> _ACTIVITY_:
Pictures stay out of the output. Return exactly the lines below from the one with "عطر ادکلن آفرودیزیا" down to the one with "Elly'S House In", both included, and nothing more.

> _SOURCE MATERIAL_:
▼
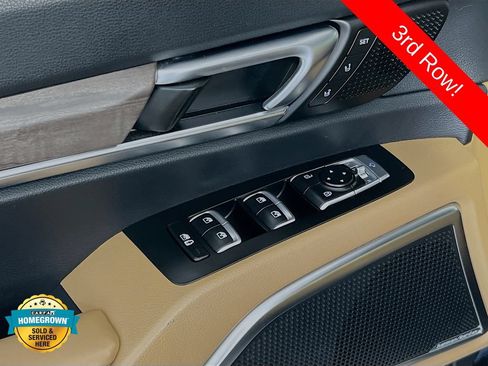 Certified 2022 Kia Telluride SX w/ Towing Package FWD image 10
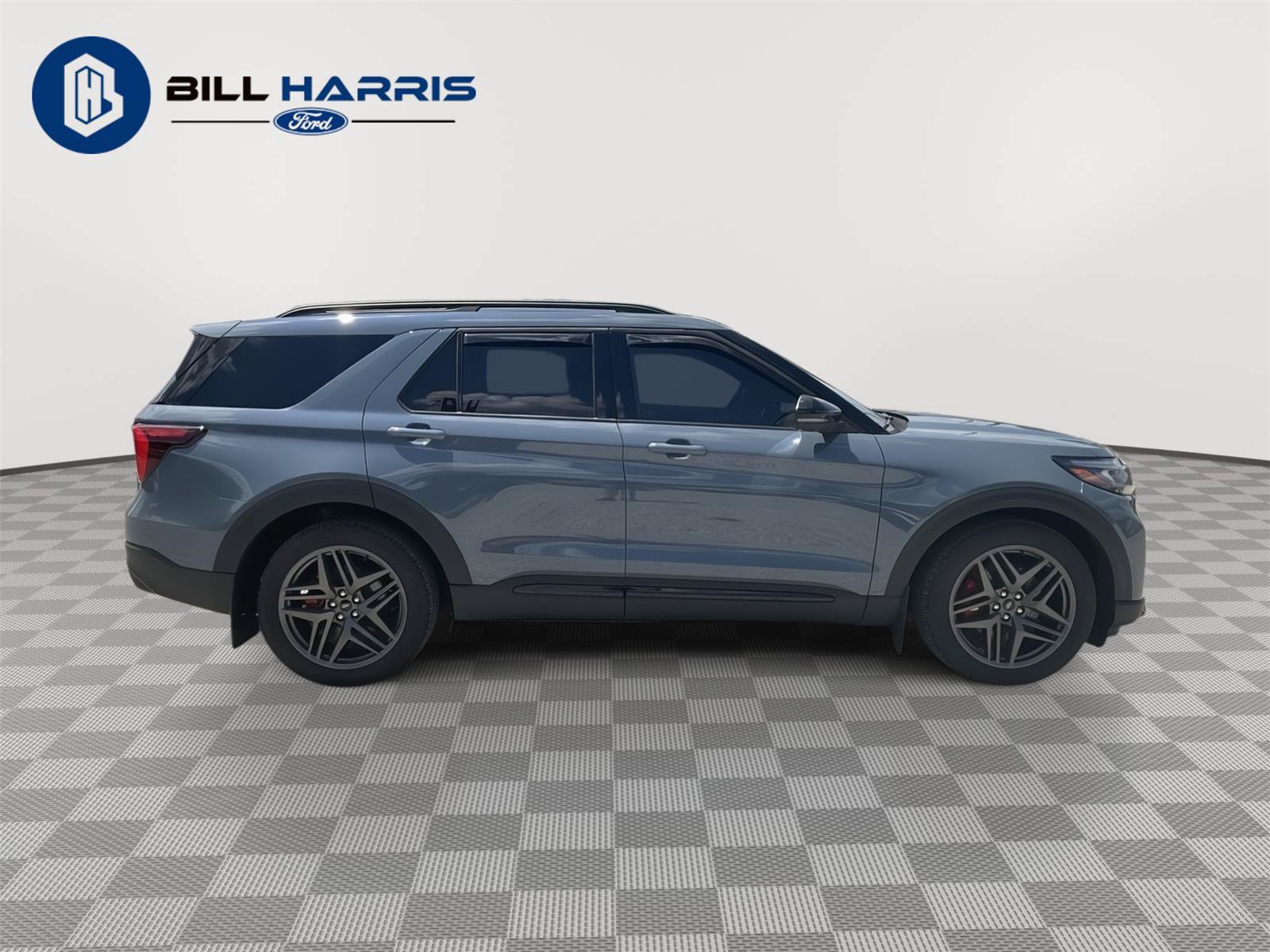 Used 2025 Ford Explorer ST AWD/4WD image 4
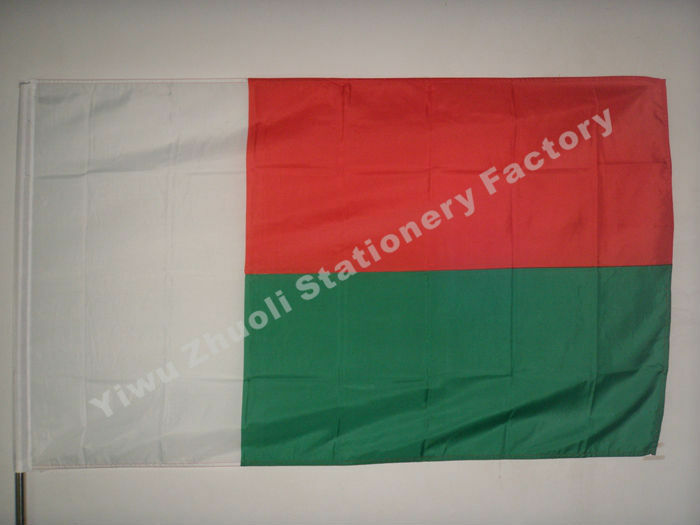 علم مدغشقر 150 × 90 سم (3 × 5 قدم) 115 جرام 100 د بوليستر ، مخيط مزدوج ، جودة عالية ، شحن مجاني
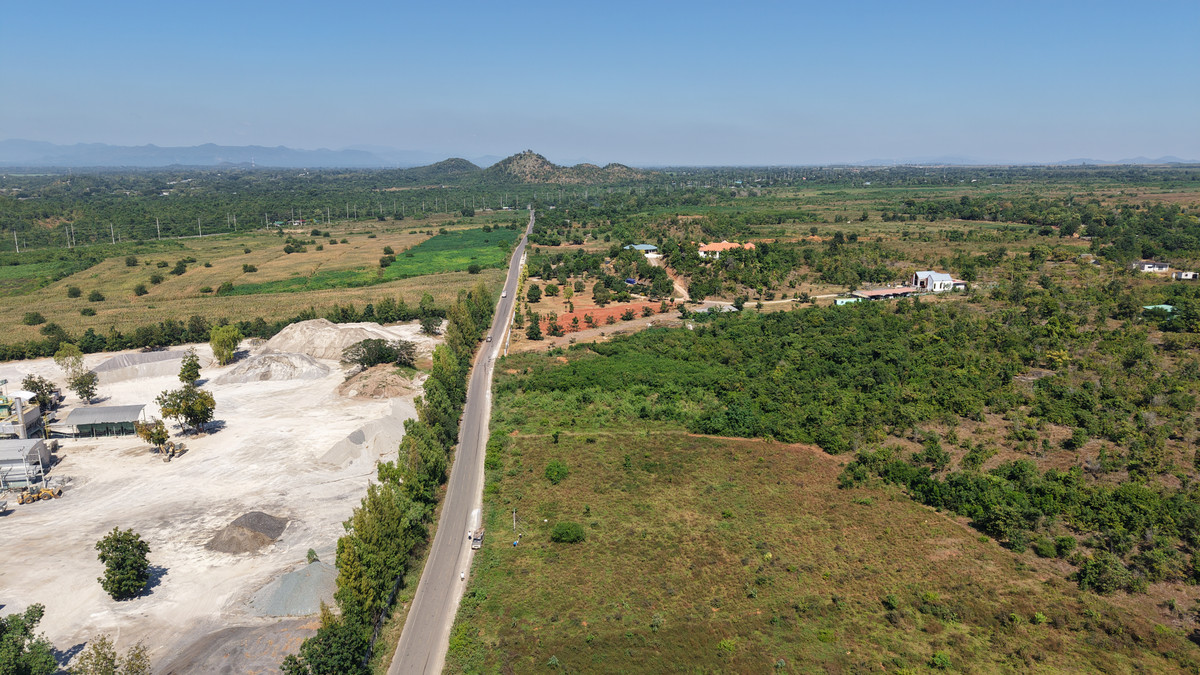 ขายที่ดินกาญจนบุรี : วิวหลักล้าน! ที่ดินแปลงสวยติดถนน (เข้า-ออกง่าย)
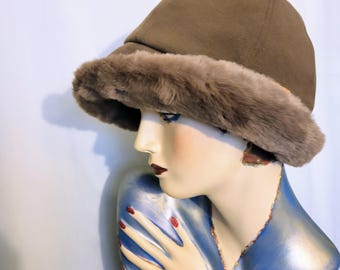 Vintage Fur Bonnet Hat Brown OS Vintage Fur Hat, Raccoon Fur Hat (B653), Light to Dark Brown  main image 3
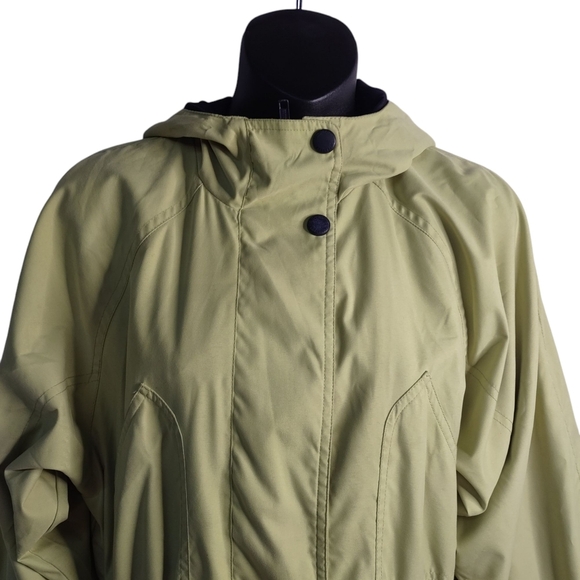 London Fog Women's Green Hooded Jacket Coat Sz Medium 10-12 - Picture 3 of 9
▲
▼
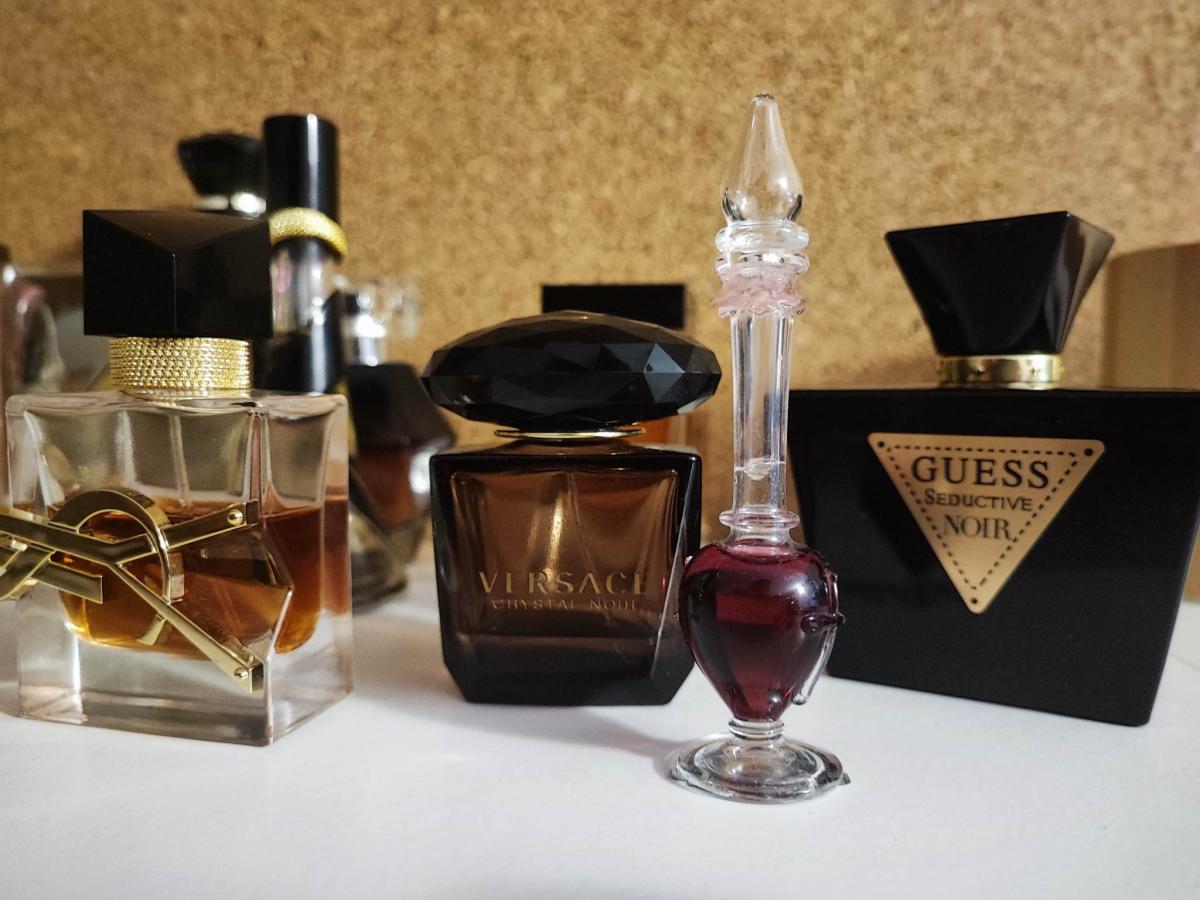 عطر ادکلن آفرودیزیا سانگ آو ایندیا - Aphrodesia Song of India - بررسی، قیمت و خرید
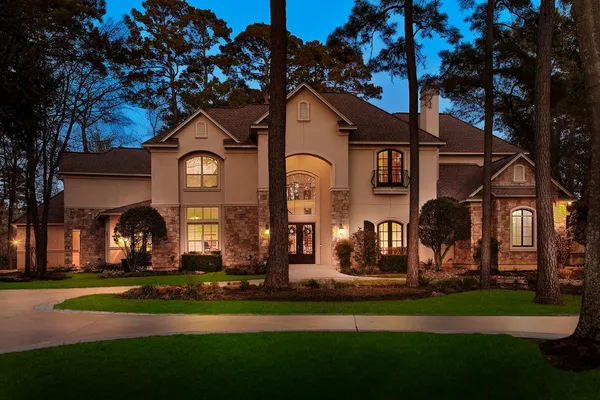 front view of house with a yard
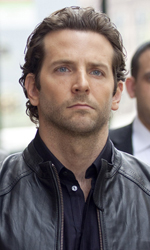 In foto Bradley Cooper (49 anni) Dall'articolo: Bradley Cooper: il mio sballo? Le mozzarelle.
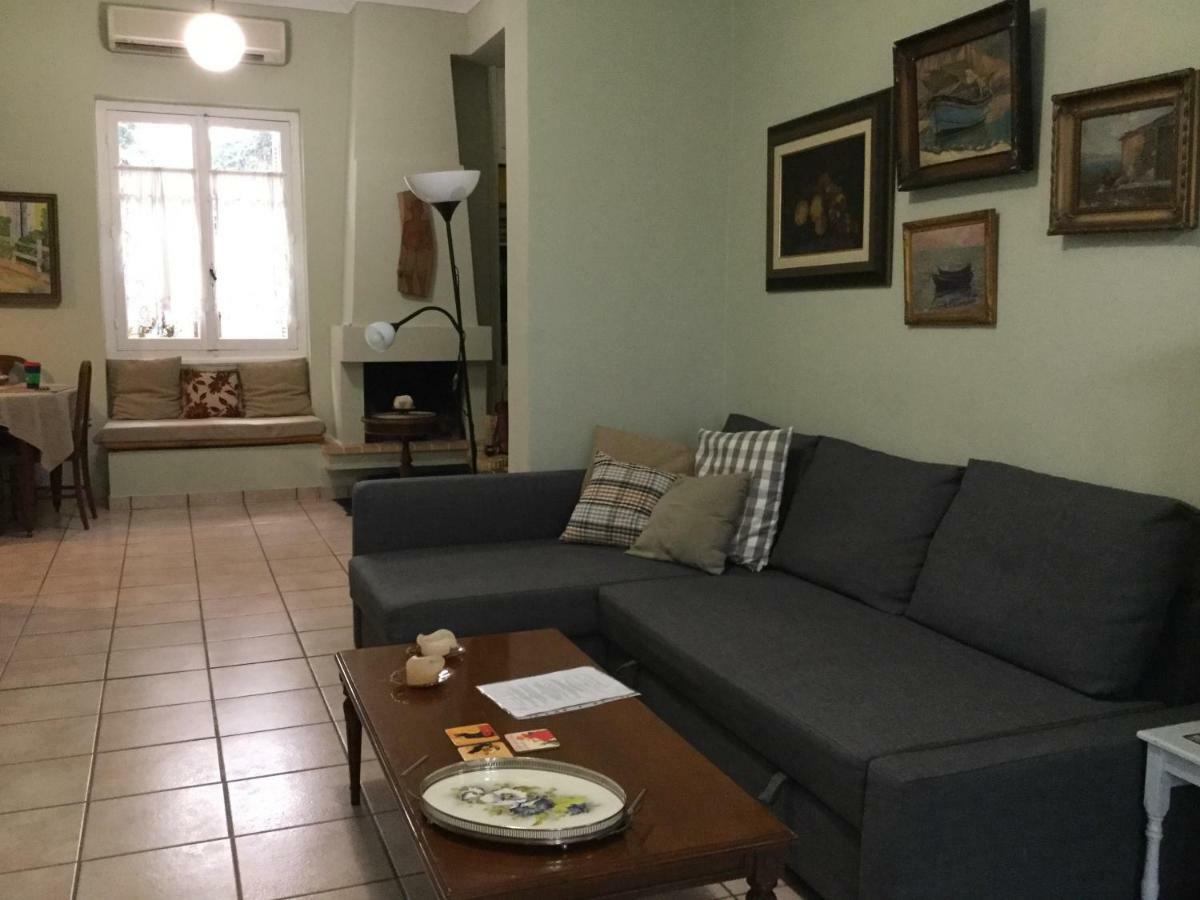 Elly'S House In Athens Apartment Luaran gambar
▲
▼
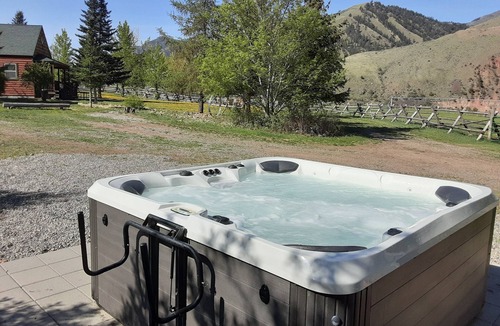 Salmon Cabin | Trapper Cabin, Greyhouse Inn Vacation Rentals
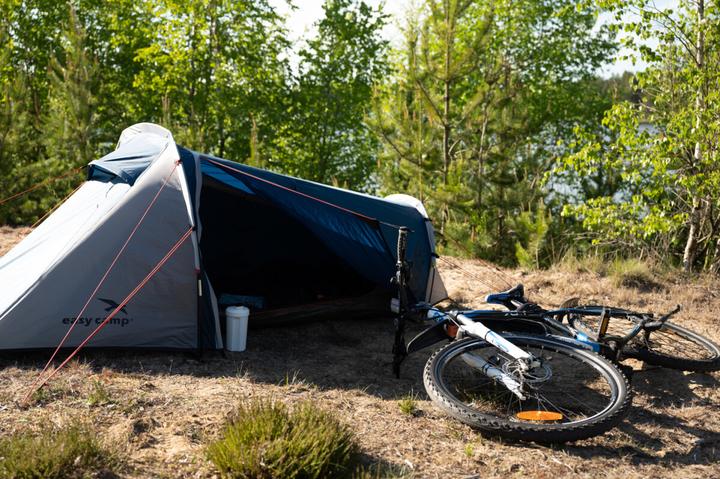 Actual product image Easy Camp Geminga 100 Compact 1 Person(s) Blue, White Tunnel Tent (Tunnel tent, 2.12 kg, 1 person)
▲
> _TASK OUTPUT_:
 عطر ادکلن آفرودیزیا سانگ آو ایندیا - Aphrodesia Song of India - بررسی، قیمت و خرید
 front view of house with a yard
 In foto Bradley Cooper (49 anni) Dall'articolo: Bradley Cooper: il mio sballo? Le mozzarelle.
 Elly'S House In Athens Apartment Luaran gambar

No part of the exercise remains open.